Los reencuentros y la recuperación de los abrazos

Tras una semana ingresada, Olga afrontó la última parte de su aislamiento de manera más “liviana” porque volvió a la sierra con su familia, donde las ventanas se convirtieron en el mejor vehículo de comunicación. Allí esperó el resultado de un segundo test, este lleno de esperanza porque el ansiado negativo llegó y con ese resultado los abrazos. “Recibí la llamada que me confirmó el negativo, abrí la puerta y me abracé a uno de mis hijos, me arreglé y me fui a buscar a mi marido, fue un día lleno de abrazos y besos”, recuerda con emoción. “Yo es cierto que no lo he pasado tan mal como otras personas, pero lo cuento con esperanza, había días que abría el móvil y tenía muchísimos mensajes, he sentido el cariño de mucha gente”, afirma.
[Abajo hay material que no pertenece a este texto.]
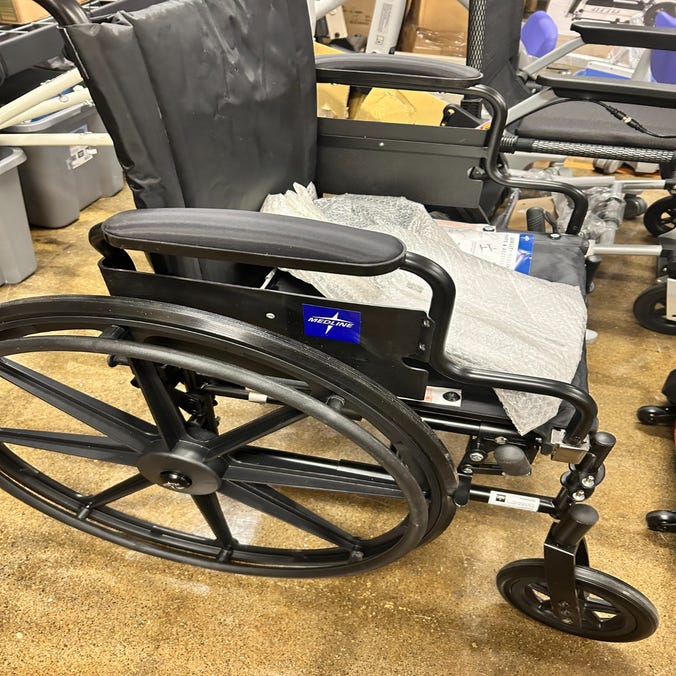 Excel 2000 Wheelchair - 18" Seat Width - Swing-away, Legrests - Removable Desk Length Arms - Open Box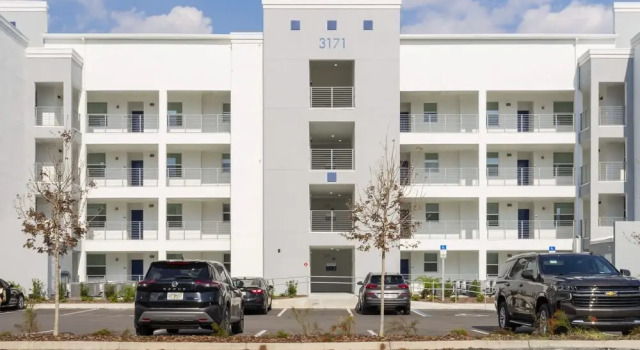 Gorgeous 3Bd/2Ba Condo Close to Disney @StoreyLakeResort 108 3151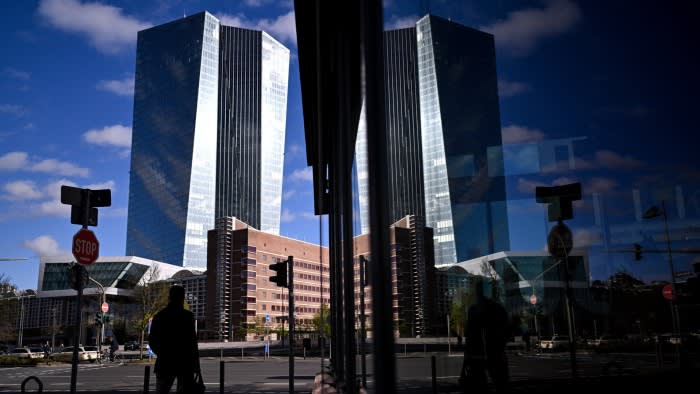 El Banco Central Europeo mantiene los tipos de interés en el 4% en una decisión dividida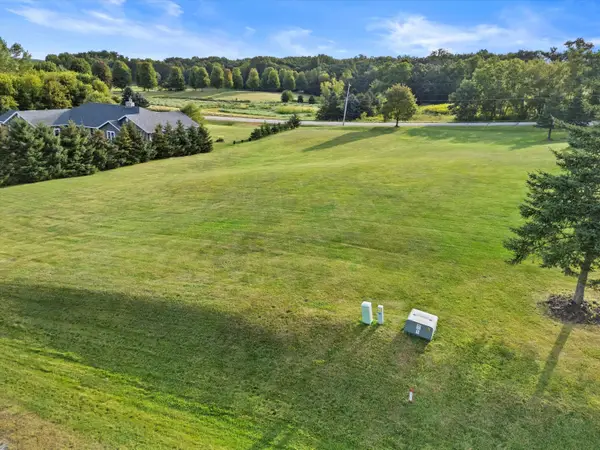 6601 Foxtail Ln, Burlington, WI 53105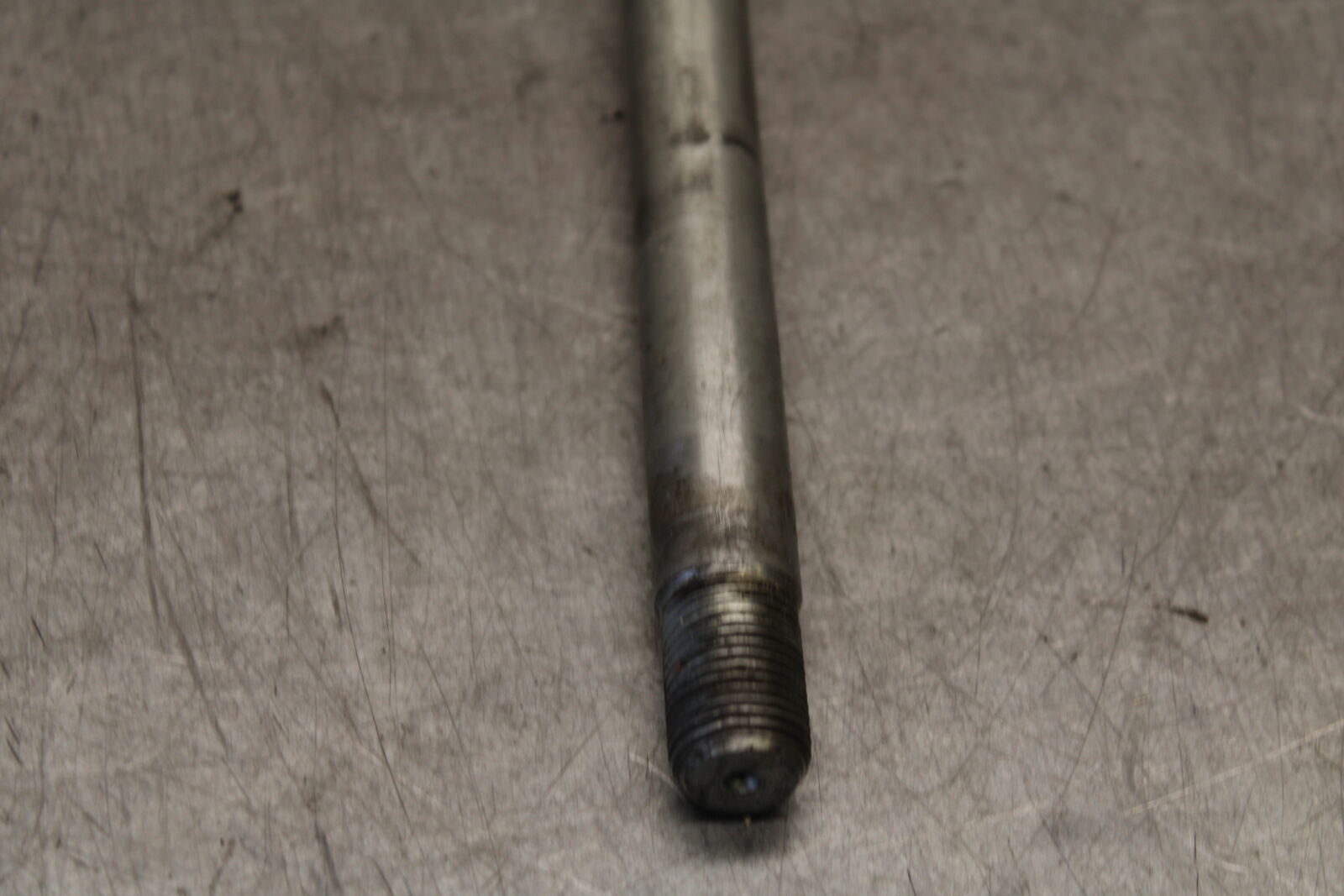 05-06 SUZUKI BOULEVARD M50 FRONT WHEEL RIM AXLE PIVOT BOLT BB671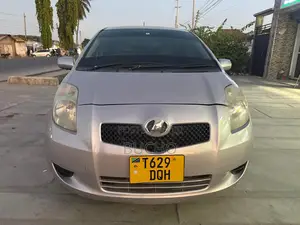 Toyota Vitz 2006 Silver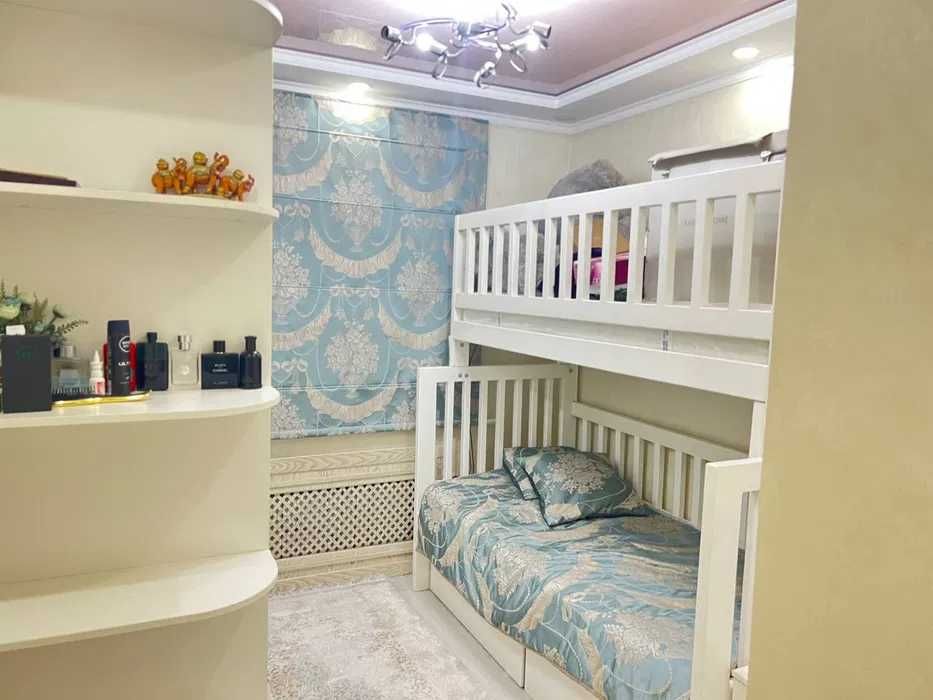 Продаётся 4/4/4 (переделанная в 3-х) на м.Ойбек, ул. Саид Барака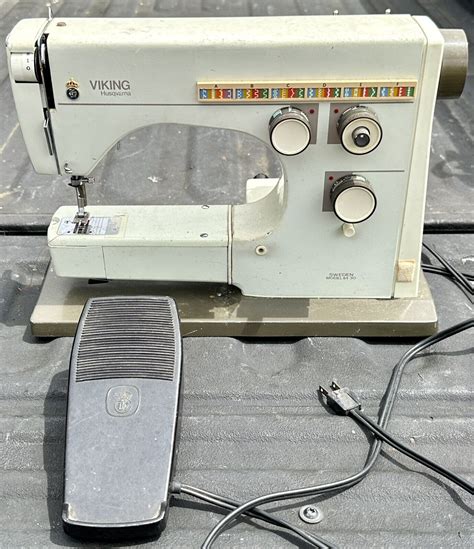 Vintage Husqvarna Viking Sewing Machine H C W Fr Runs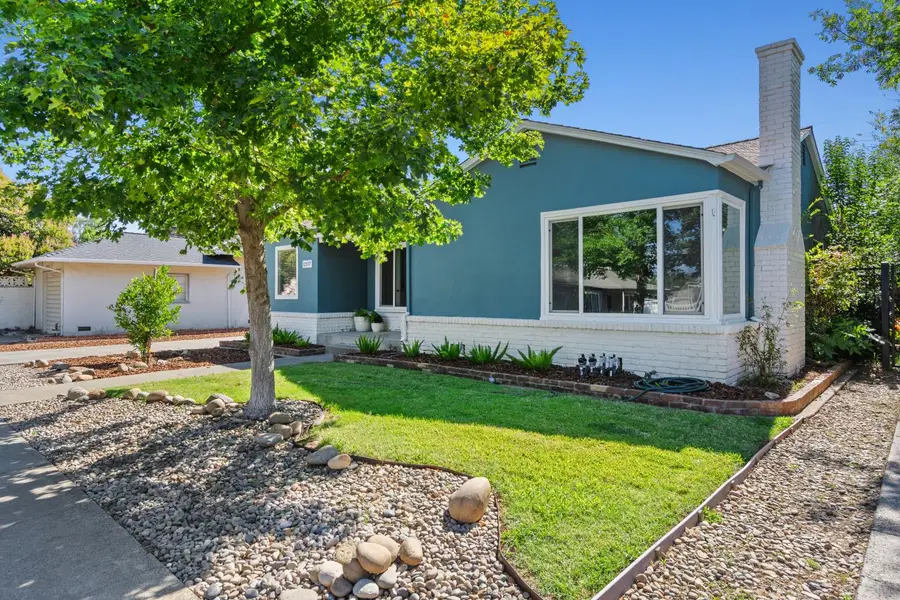 1317 51st Street, Sacramento, CA 95819 - #2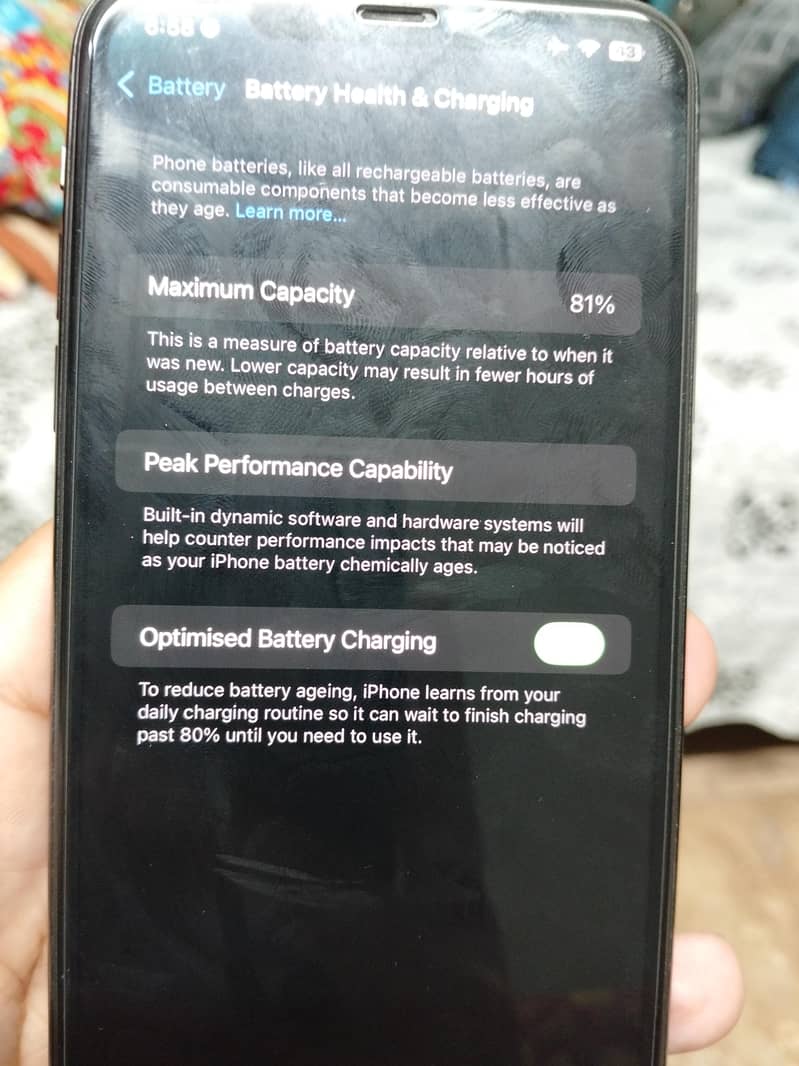 Apple iPhone 11 Pro Max 4
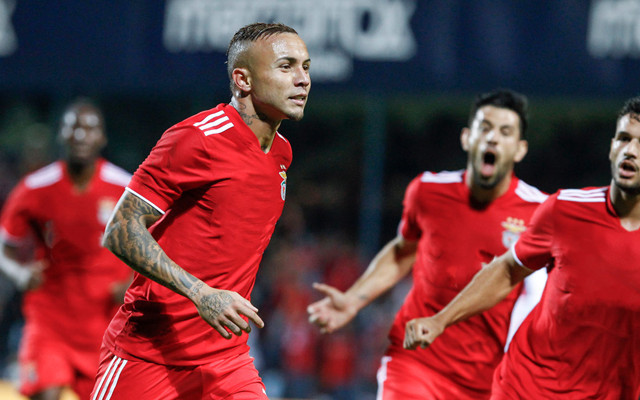 皇冠体育登录入口-赛前亚冠焦点战；本菲卡门线救险；目标明确；训练强度明显提升(lol历届s赛冠军一览表)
Una esperanza que extrapola de igual manera a las “oportunidades” que esta enfermedad ha dejado. “Hay que ver las cosas de forma positiva, mis hijos han visto ejercer a su padre de madre y de padre, a su hermano mayor cuidarles, hemos movido una solidaridad increíble, todo eso es positivo”, detalla a la par que deja claro que ante el futuro esa solidaridad no hay que olvidarla. Como tampoco hay que olvidar el sufrimiento vivido en las residencias porque “no se actuó cuando se vio que la enfermedad afectaba a las personas mayores”. “No podemos olvidarnos de generaciones tan importantes, nosotros tenemos casos insólitos, pacientes con 101 que se han recuperado, residentes nonagenarios que han aguantado 40-50 días de aislamiento. Nos preguntan cuándo se va a ir el bicho para que puedan entrar sus hijos, no podemos olvidarlos. Cuando estaba mal yo pedía a mi gente que rezara por mí, pero más por ellos, porque la impotencia ante lo sufrido es muy grande”.